Workshop on Data-Sharing and Reproducibility

Workshop on Data-Sharing and Reproducibility

Template G Content Blocks
Sub Editor



The importance of checking another person’s work is easy to grasp, and is a norm in many domains. For example, good financial systems have audits and mathematicians check each others’ proofs. Likewise, we should expect researchers to show their work by transparently sharing data and code underlying publications. This is true particularly for scientific research results that influence millions of dollars in spending on programs and policies. Yet studies show that transparency is the exception rather than the norm across many research disciplines (Alsheichk-Ali et al. 2011, Gherghinaa and Katsanidoua 2013, Vines 2014).

Why is this? In a survey of 1300+ researchers (Tenopir et al. 2011), a lack of time and funding were among the major reasons for not sharing. In our work on publicly sharing data/code from research studies conducted by Innovations for Poverty Action (IPA) and the Center for Effective Global Action (CEGA), we have found that it’s much more time-consuming to publicly share data/code if making the materials usable to others was not considered early on during the project lifecycle. Research analysts and managers who worked with the project during data collection often move on after a couple of years, and if materials aren’t documented well, it can be difficult (or impossible!) to sort out messy files and datasets later on.

Organizing materials throughout a project was our motivation for our research transparency workshop co-organized by the Berkeley Initiative for Transparency in the Social Sciences (BITSS) and IPA. BITSS was established in 2012 to strengthen the quality of social science research and evidence used for policy-making. The initiative aims to enhance the practices of economists, psychologists, political scientists and other social scientists in ways that promote research transparency, reproducibility, and openness. IPA and CEGA have research transparency initiatives which support researchers in sharing their data but this is the first time that the two organizations came together to hold a workshop for researchers and research staff working in developing countries. All together we had about 35 participants at our 2-day workshop, including both researchers working at African universities and institutions as well as IPA’s research managers from over ten countries within East Africa and beyond.

During the workshop (agenda here) we covered topics on how to make research reproducible. The sessions included an overview of why research is unreliable and how to make it more reliable, best practices for managing data and code, writing a pre-analysis plan, writing dynamic documents with Markdoc in Stata, and using Git/Github for keeping track of versions of code. We also had sessions on Open Science Framework (OSF), a tool created by the Center for Open Science for collaborating with other researchers. We hosted a guest speaker, Dr. Paulin Basinga, who works with the Gates Foundation as well as the Ministry of Health in Rwanda and discussed (video here) the importance of replications for providing a strong evidence base for policy. Finally, we dedicated several hours to hands-on time in which participants could work on improving their own data/code with instructors present to assist. All materials are available on our workshop page on OSF.
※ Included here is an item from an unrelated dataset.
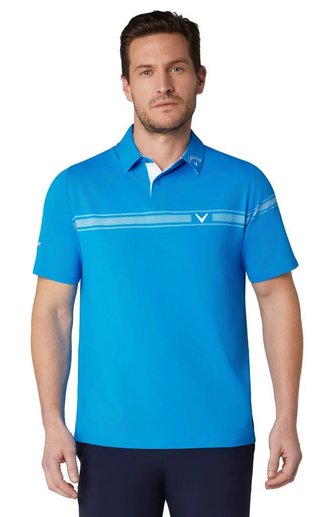 Callaway Odyssey Block men's polo, brilliant blue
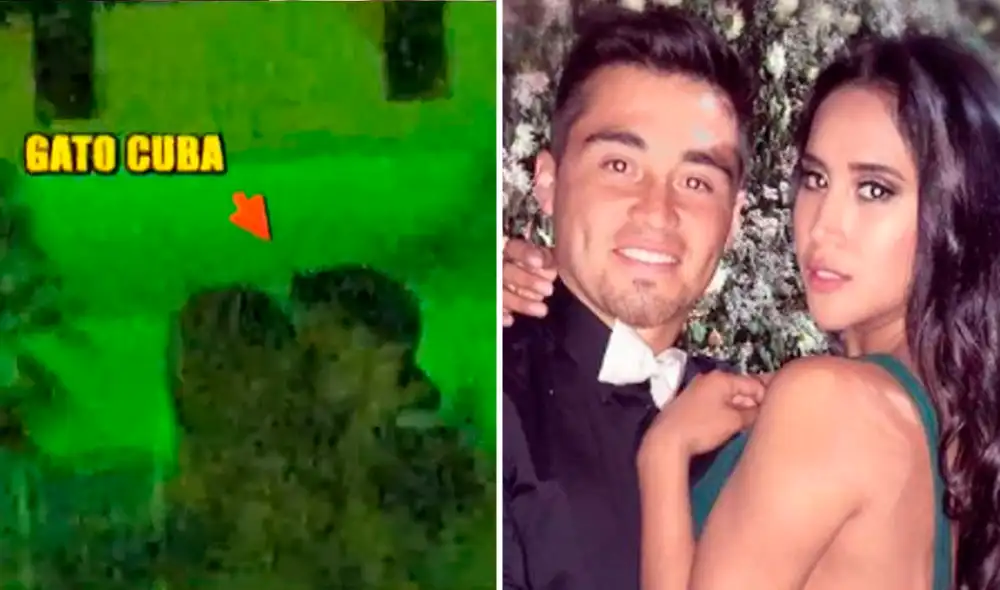 Rodrigo Cuba es captado besando a joven en departamento que compartió con Melissa Paredes. Foto: composición/ATV/Instagram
In order to move transparency forward, we need more than requirements from journals and funders. We also need to develop and deliver training on transparency and reproducibility methods, and need to ensure adequate funding is available to make data/code usable from early on within a project. There are many topics to cover: while we covered important areas in our two-day workshop, we see a need for regular in-depth trainings on reproducible and sharing usable data (while maintaining participant confidentiality!)  Coming up this summer, BITSS is offering a 3-day research transparency Summer Institute in Berkeley for grad students and researchers (deadline for applications March 31!) Groups such as Software Carpentry, Data Carpentry and the Center for Open Science also offer resources and training in reproducible research, and researchers at Johns Hopkins also offer an online course through Coursera. Training in reproducible research is far from a complete recipe for changing the culture, but we believe that it is an important part of the change to come. We hope to look back in ten years and marvel at the fact that most researchers used to merely state their conclusions, without showing their work.

March 21, 2016